* TASK *
Below is a listing; transcribe it exactly but without any images.

* DATA SECTION *
==*==
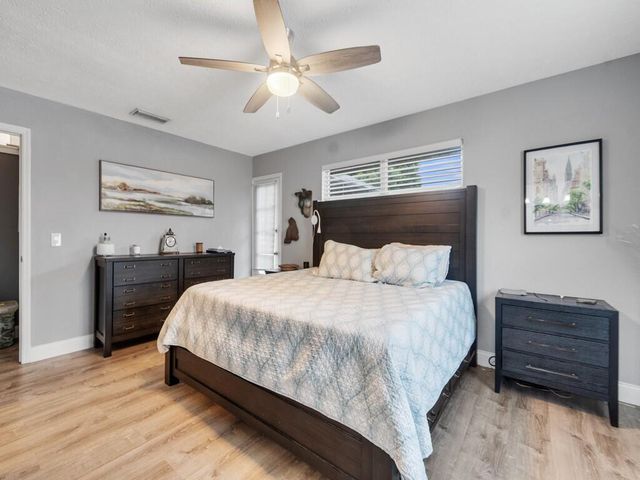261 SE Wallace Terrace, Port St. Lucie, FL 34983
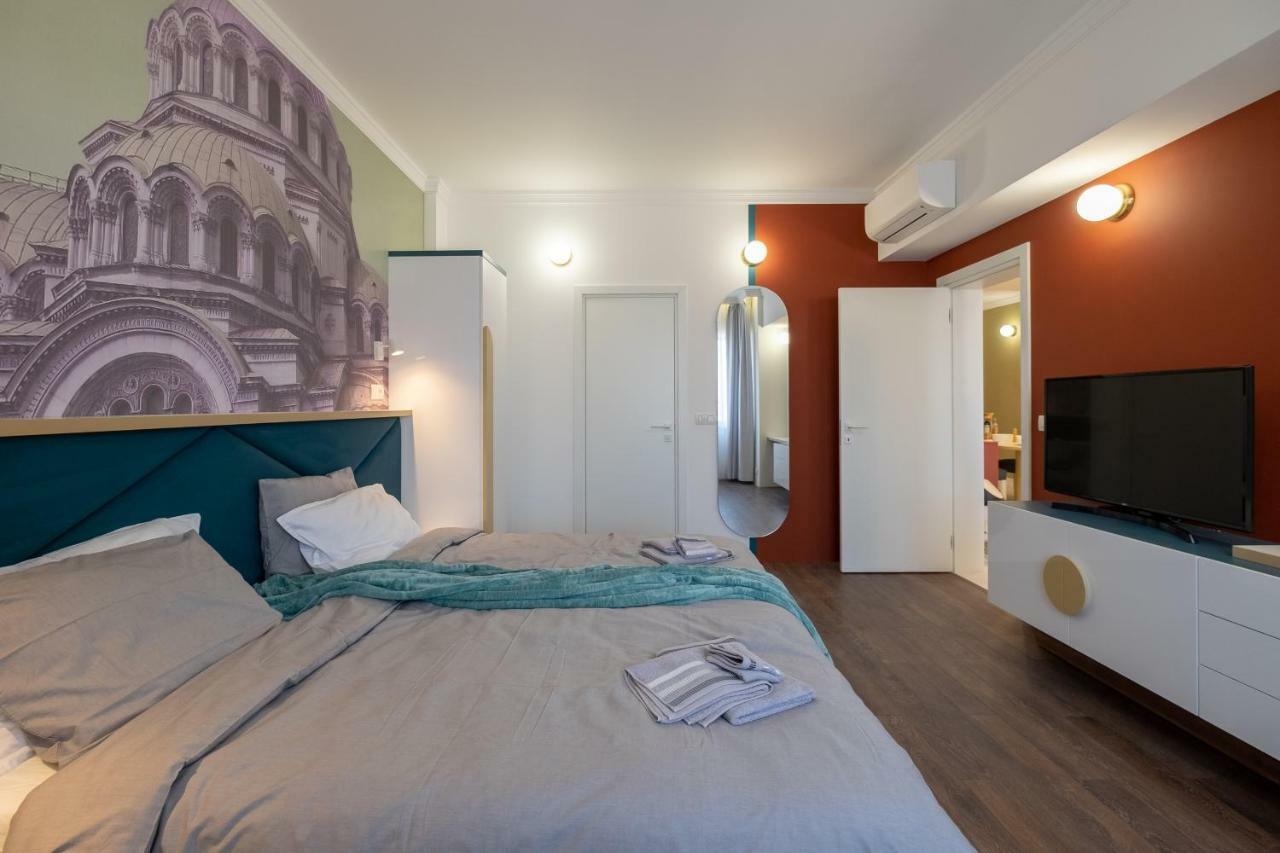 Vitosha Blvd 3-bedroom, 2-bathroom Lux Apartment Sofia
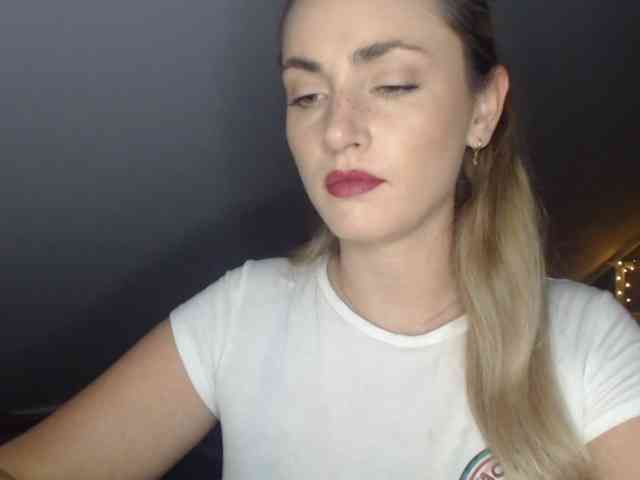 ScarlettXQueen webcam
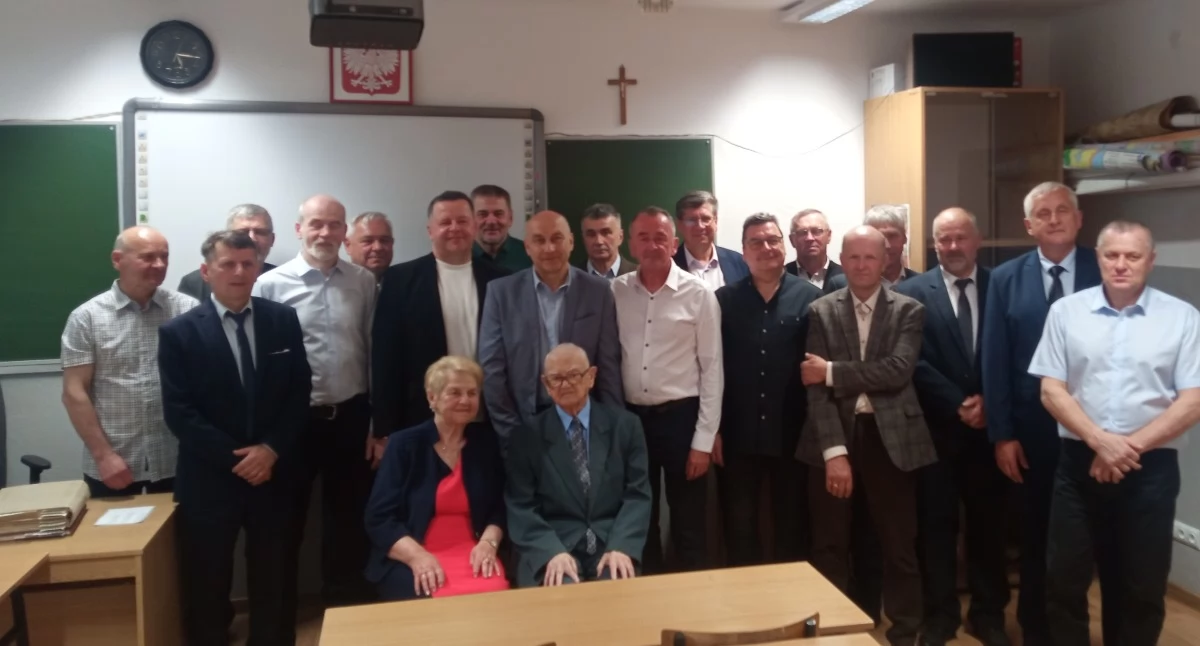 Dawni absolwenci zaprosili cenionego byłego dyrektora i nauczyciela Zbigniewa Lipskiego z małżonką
==*==
* ANSWER TO THE EXERCISE *
261 SE Wallace Terrace, Port St. Lucie, FL 34983
 Vitosha Blvd 3-bedroom, 2-bathroom Lux Apartment Sofia
 ScarlettXQueen webcam
 Dawni absolwenci zaprosili cenionego byłego dyrektora i nauczyciela Zbigniewa Lipskiego z małżonką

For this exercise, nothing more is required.